Doctors' leaders have called on the Government to take action after it emerged that a local NHS body is considering putting a temporary ban on non-vital operations.

The British Medical Association (BMA) said that "it cannot be right that the public will be effectively denied access to healthcare because the local CCG (Clinical Commissioning Group) has run out of money".

The BMA said that St Helens Clinical Commissioning Group's (CCG) proposal to suspend all non-essential hospital referrals for four months was "another sign of how desperately under-funded the NHS is" as it called on ministers to "step up their commitment to resolving this crisis".

The proposal, from the Merseyside NHS body, is part of a bid to help hospitals cope with increased demand during the winter despite a large funding gap.

NHS England rated the CCG "inadequate" in its 2015-16 annual assessment.

Commenting on the news, Dr Richard Vautrey, deputy chair of the BMA's GP committee, said: "This is an unacceptable decision which highlights the incredible financial pressure facing general practice and its impact on patient care. It cannot be right that the public will be effectively denied access to healthcare because the local CCG has run out of money.

"What apparently may not be urgent at first presentation and is therefore not referred could turn out to be very serious in the long term. Many cases of cancer are subsequently diagnosed following routine referrals of patients who have undifferentiated symptoms early on in their illness.

"The cost to the health service of delaying referrals could ultimately be much greater in the long term as more complex and costly problems develop as a result.

"This is yet another sign of how desperately under-funded the NHS now is and how the Government need to step up their commitment to resolving this crisis."

CCG lay chair Geoffrey Appleton said: "To explain it in simple terms, imagine our NHS budget is your household budget and every year the cost of living goes up but your salary doesn't increase; the result is money becomes tighter and tighter.

"Now imagine another relative comes to live with you and because of their health needs are unable to work and cannot contribute financially. How would you manage?"

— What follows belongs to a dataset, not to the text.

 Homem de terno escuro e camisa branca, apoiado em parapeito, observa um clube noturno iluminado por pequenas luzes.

He added: "Although we are trying to make as many efficiency savings as we can (buying the same or similar services for less and reducing waste), our funding gap is so large we know these measures alone will not bring a resolution and we are faced with the prospect of proposing to suspend, reduce or withdraw certain services.

"We recognise these proposals will not be popular but we will be involving those who want to have their say in the discussions and we welcome your thoughts about how we should be making cost savings."

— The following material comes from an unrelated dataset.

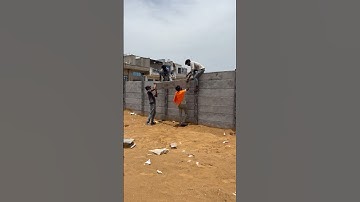 The readymade compound boundary fins are inserted by the labour in the top like this#compoundwall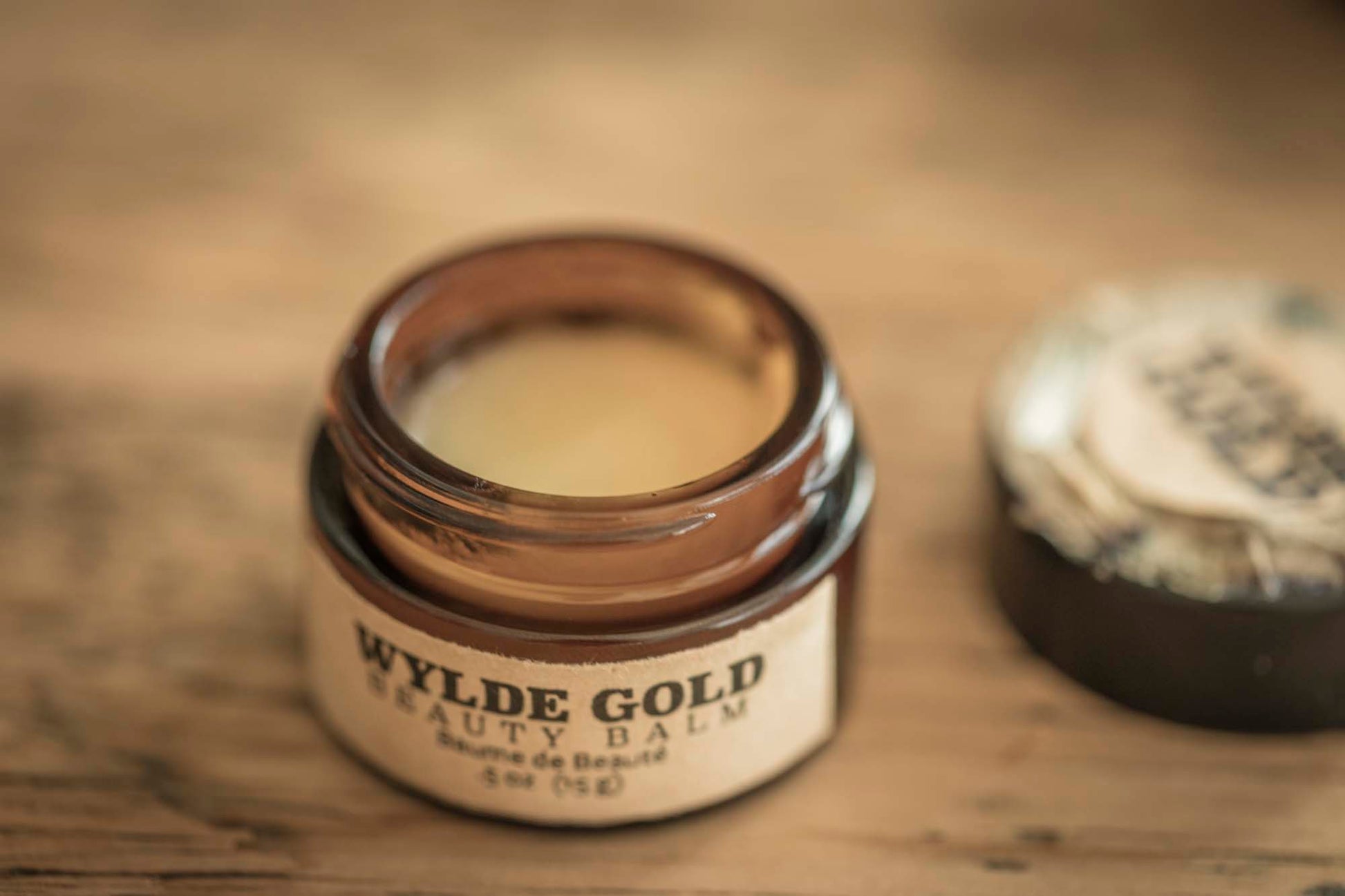 Open jar of Wylde Gold Beauty Balm with smooth golden balm surface, lid resting beside it on a wooden table.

The proposal, along with another to put a two-year suspension on IVF services for patients aged under 37, is under public consultation until October 5.

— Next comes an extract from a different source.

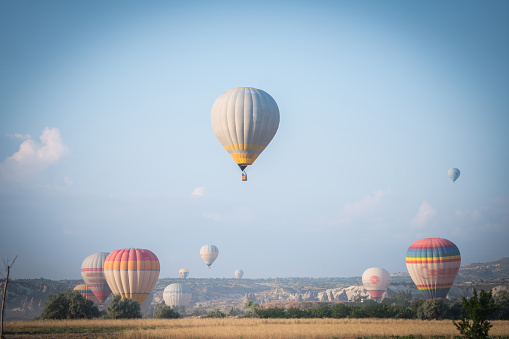 White hot air balloon flying in a blue sky with white clouds.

The NHS England regional office will review the proposals before a decision is made because of the CCG's inadequate rating.

An NHS spokeswoman said: "Decisions when prioritising resources are always very difficult for commissioners but it is up to CCGs to make the best decisions for their area and work with hospitals to plan and manage demand over winter.

"St Helens CCG is actively engaging with its local population on the best way to ensure patients have their care prioritised over the busy months for the NHS.

"The 18-week target is a national objective which all CCGs and hospitals should be striving to meet."